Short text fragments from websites
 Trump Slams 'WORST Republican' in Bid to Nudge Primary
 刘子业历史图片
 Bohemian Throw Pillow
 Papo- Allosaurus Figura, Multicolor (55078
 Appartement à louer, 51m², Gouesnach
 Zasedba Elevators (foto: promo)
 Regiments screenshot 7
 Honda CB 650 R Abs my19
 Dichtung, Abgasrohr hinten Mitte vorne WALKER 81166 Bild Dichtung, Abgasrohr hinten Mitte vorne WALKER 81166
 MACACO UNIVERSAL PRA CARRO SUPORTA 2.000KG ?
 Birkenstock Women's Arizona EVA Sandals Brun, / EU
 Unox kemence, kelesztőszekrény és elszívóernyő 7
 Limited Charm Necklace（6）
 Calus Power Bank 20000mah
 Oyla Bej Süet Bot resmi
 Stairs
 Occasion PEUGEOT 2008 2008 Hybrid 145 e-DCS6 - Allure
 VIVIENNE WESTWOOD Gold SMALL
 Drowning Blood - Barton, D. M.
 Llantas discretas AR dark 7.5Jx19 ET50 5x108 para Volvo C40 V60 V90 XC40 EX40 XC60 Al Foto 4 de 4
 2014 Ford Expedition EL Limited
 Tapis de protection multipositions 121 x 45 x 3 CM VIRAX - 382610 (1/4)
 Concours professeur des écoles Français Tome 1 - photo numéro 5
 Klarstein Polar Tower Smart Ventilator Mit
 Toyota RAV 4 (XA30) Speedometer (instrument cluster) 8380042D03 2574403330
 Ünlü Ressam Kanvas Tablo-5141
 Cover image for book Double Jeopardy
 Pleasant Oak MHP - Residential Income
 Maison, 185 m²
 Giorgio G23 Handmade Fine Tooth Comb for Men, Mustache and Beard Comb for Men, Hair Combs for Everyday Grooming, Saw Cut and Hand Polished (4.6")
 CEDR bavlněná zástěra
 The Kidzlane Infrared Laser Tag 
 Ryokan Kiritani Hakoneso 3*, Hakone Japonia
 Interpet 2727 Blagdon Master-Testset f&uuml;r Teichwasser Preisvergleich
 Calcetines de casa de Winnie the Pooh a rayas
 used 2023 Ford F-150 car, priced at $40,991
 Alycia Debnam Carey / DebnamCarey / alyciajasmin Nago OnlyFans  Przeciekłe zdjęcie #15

■ **EXERCISE**:
An exact repetition of the data above is all that is needed.

■ **SOLUTION FOR THIS EXERCISE**:
 Trump Slams 'WORST Republican' in Bid to Nudge Primary
 刘子业历史图片
 Bohemian Throw Pillow
 Papo- Allosaurus Figura, Multicolor (55078
 Appartement à louer, 51m², Gouesnach
 Zasedba Elevators (foto: promo)
 Regiments screenshot 7
 Honda CB 650 R Abs my19
 Dichtung, Abgasrohr hinten Mitte vorne WALKER 81166 Bild Dichtung, Abgasrohr hinten Mitte vorne WALKER 81166
 MACACO UNIVERSAL PRA CARRO SUPORTA 2.000KG ?
 Birkenstock Women's Arizona EVA Sandals Brun, / EU
 Unox kemence, kelesztőszekrény és elszívóernyő 7
 Limited Charm Necklace（6）
 Calus Power Bank 20000mah
 Oyla Bej Süet Bot resmi
 Stairs
 Occasion PEUGEOT 2008 2008 Hybrid 145 e-DCS6 - Allure
 VIVIENNE WESTWOOD Gold SMALL
 Drowning Blood - Barton, D. M.
 Llantas discretas AR dark 7.5Jx19 ET50 5x108 para Volvo C40 V60 V90 XC40 EX40 XC60 Al Foto 4 de 4
 2014 Ford Expedition EL Limited
 Tapis de protection multipositions 121 x 45 x 3 CM VIRAX - 382610 (1/4)
 Concours professeur des écoles Français Tome 1 - photo numéro 5
 Klarstein Polar Tower Smart Ventilator Mit
 Toyota RAV 4 (XA30) Speedometer (instrument cluster) 8380042D03 2574403330
 Ünlü Ressam Kanvas Tablo-5141
 Cover image for book Double Jeopardy
 Pleasant Oak MHP - Residential Income
 Maison, 185 m²
 Giorgio G23 Handmade Fine Tooth Comb for Men, Mustache and Beard Comb for Men, Hair Combs for Everyday Grooming, Saw Cut and Hand Polished (4.6")
 CEDR bavlněná zástěra
 The Kidzlane Infrared Laser Tag 
 Ryokan Kiritani Hakoneso 3*, Hakone Japonia
 Interpet 2727 Blagdon Master-Testset f&uuml;r Teichwasser Preisvergleich
 Calcetines de casa de Winnie the Pooh a rayas
 used 2023 Ford F-150 car, priced at $40,991
 Alycia Debnam Carey / DebnamCarey / alyciajasmin Nago OnlyFans  Przeciekłe zdjęcie #15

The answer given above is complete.